How to Do a Quality Review for Your Writing
/I am an IT Quality Assurance and Governance Manager by day, and that means I read, review, and write a lot of policies and procedures. My team is also responsible for reporting on progress and enforcing policy. I spent most of last week conducting quality reviews on a variety of IT documents. There are certain standards that need to be followed before the work is accepted. Self-editing is a lot like a quality review. Here are some items that you need to check as you review your work and prepare it for publication.
- Start off with your basic spell check to catch obvious typos. Just be careful, some of the grammar suggestions are not correct.
- Check the spelling of any brand names you use.
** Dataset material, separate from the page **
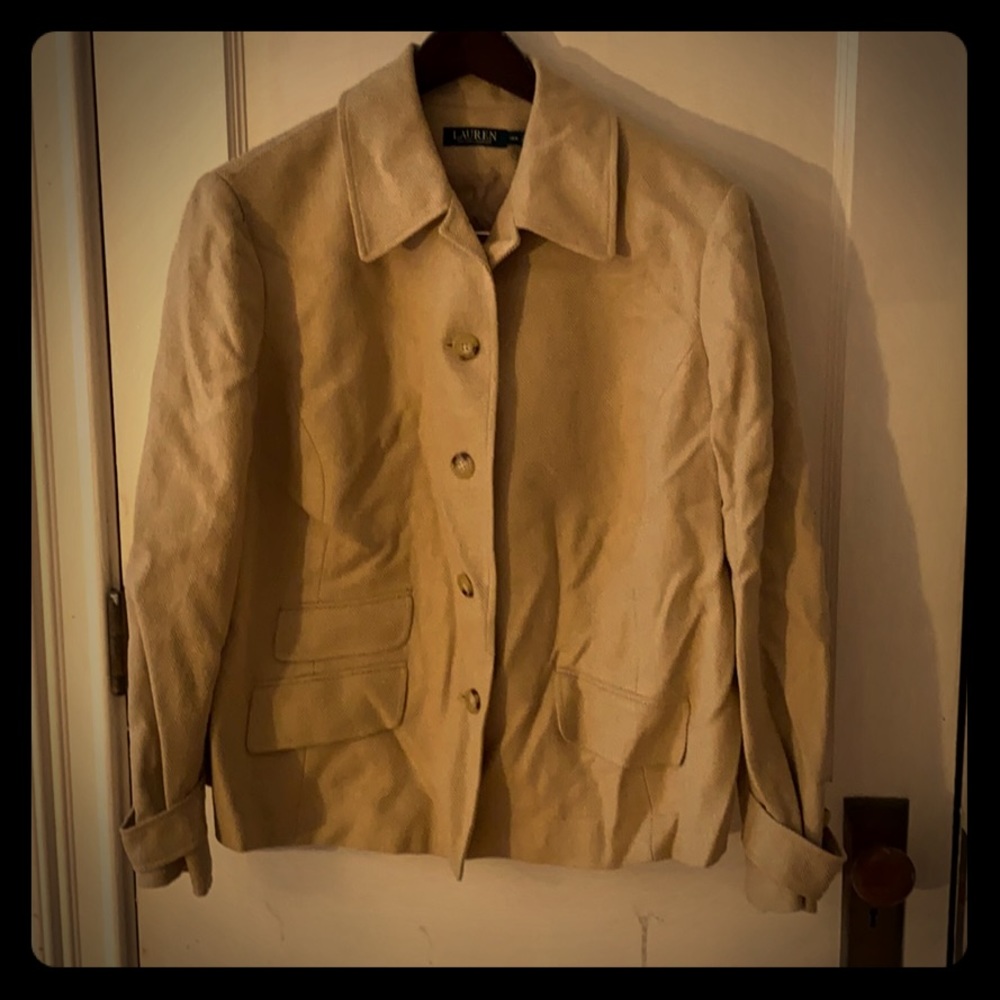 Linen Blazer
Make sure they are spelled and capitalized correctly. (e.g. Post-it Notes, BAND-AID, etc.) Also make sure that you're not using a brand name to refer to a generic item.
- Make sure that your word use is consistent with capitalization and hyphenation (e.g. database or data base; tshirt, Tshirt, or T-shirt).
- Check your headers and footers. Is all of your contact information correct?
- If you manually typed the chapter numbers, go through each and make sure you didn't skip or duplicate any.
- Check all of your names and place names - especially if you made changes during editing. My friend renamed a character, but when it went through critique group, she found that she hadn't changed all of the instances. We were all wondering who this new character was who just appeared out of nowhere.
- Be consistent with your use of numbers. Do you write them out or use digits? If you're using digits, you shouldn't start a sentence with it; write out the word.
- Look for overused words. I have a bunch that I tend to repeat (and repeat). I have a list, and I add to it when I find more culprits. Use your search/replace to locate and eradicate them. My big offenders are "just" and "that."
- Change the view on your word processer to a small percentage (e.g. 25%) so that you can see a lot of pages at once. Look at the lengths of your chapters. Are they balanced? Sometimes, I find I have a bunch of short chapters and then a series of really long ones. If possible, try to even these out.
- If you don't have a writing partner, critique group, or beta readers, you should invest the time and find one that works for you. Real peer reviews are invaluable. I am part of a mystery critique group, and the advice and support are wonderful.